Compared with an illegality duty, the legal but harmful duty is conceptually closer to a duty of care properly so called. As a species of duty to take care to avoid harm to others, it at least inhabits approximately the same universe. However, the similarity stops there. It is a duty of care detached from its moorings (risk of objectively ascertainable physical injury) and then extended into a duty to prevent other people harming each other. As such, like the illegality duty, it has no comparable equivalent in the offline world; and again, as with the illegality duty, any concept of risk-creating activity by providers is stretched and homeopathically diluted to encompass mere facilitation of individual public speech.

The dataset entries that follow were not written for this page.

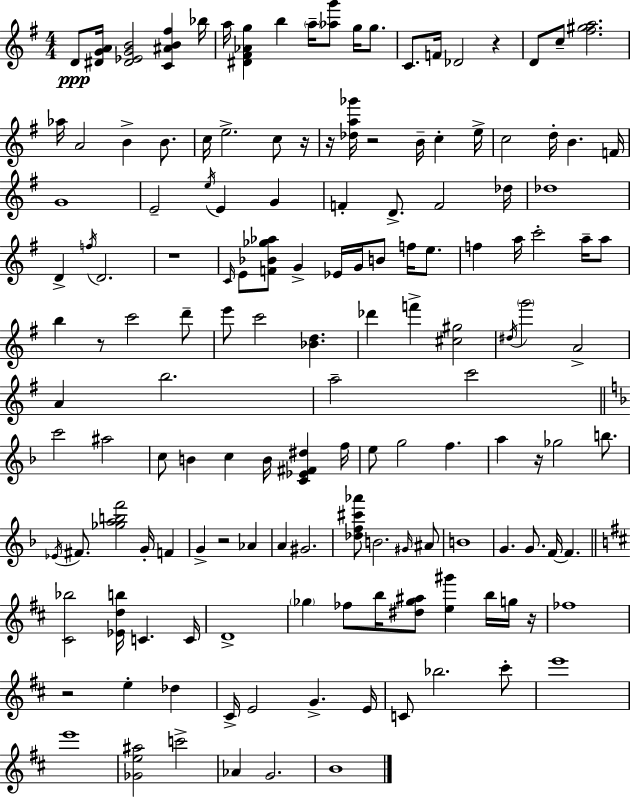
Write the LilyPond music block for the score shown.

{
  \clef treble
  \numericTimeSignature
  \time 4/4
  \key g \major
  d'8\ppp <dis' g' a'>16 <dis' ees' g' b'>2 <c' ais' b' fis''>4 bes''16 | a''16 <dis' fis' aes' g''>4 b''4 \parenthesize a''16-- <aes'' g'''>8 g''16 g''8. | c'8. f'16 des'2 r4 | d'8 c''8-- <fis'' gis'' a''>2. | \break aes''16 a'2 b'4-> b'8. | c''16 e''2.-> c''8 r16 | r16 <des'' a'' ges'''>16 r2 b'16-- c''4-. e''16-> | c''2 d''16-. b'4. f'16 | \break g'1 | e'2-- \acciaccatura { e''16 } e'4 g'4 | f'4-. d'8.-> f'2 | des''16 des''1 | \break d'4-> \acciaccatura { f''16 } d'2. | r1 | \grace { c'16 } e'8 <f' bes' ges'' aes''>8 g'4-> ees'16 g'16 b'8 f''16 | e''8. f''4 a''16 c'''2-. | \break a''16-- a''8 b''4 r8 c'''2 | d'''8-- e'''8 c'''2 <bes' d''>4. | des'''4 f'''4-> <cis'' gis''>2 | \acciaccatura { dis''16 } \parenthesize g'''2 a'2-> | \break a'4 b''2. | a''2-- c'''2 | \bar "||" \break \key f \major c'''2 ais''2 | c''8 b'4 c''4 b'16 <c' ees' fis' dis''>4 f''16 | e''8 g''2 f''4. | a''4 r16 ges''2 b''8. | \break \acciaccatura { ees'16 } fis'8. <ges'' a'' b'' f'''>2 g'16-. f'4 | g'4-> r2 aes'4 | a'4 gis'2. | <des'' f'' cis''' aes'''>8 b'2. \grace { gis'16 } | \break ais'8 b'1 | g'4. g'8. f'16~~ f'4. | \bar "||" \break \key d \major <cis' bes''>2 <ees' d'' b''>16 c'4. c'16 | d'1-> | \parenthesize ges''4 fes''8 b''16 <dis'' ges'' ais''>8 <e'' gis'''>4 b''16 g''16 r16 | fes''1 | \break r2 e''4-. des''4 | cis'16-> e'2 g'4.-> e'16 | c'8 bes''2. cis'''8-. | e'''1 | \break e'''1 | <ges' e'' ais''>2 c'''2-> | aes'4 g'2. | b'1 | \break \bar "|."
}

Those features make the legal but harmful duty a categorically different kind of obligation from analogous offline duties of care; one that – at least if framed as a substantive obligation - is difficult to render compliant with a human rights framework, due to the inherently vague notions of harm that inevitably come into play once harm is extended beyond risk of objectively ascertainable physical injury.

This problem has bedevilled the Online Harms proposals from the start. The White Paper (Harm V.1) left harm undefined, which would have empowered Ofcom to write an alternative statute book to govern online speech. The Full Consultation Response (Harm V.2) defined harm as “reasonably foreseeable risk of a significant adverse physical or psychological impact on individuals”. The draft Bill (Harm V.3) spans the gamut, from undefined (for priority harmful content) to physical or psychological harm (general definition) to a complex cascade of definitions starting with the “adult (or child) of ordinary sensibilities” for residual non-priority harmful content.

If harm includes subjectively perceived harm, then it is likely to embody a standard of the most easily offended reader and to require platforms to make decisions based on impossibly vague criteria and unascertainable factual context.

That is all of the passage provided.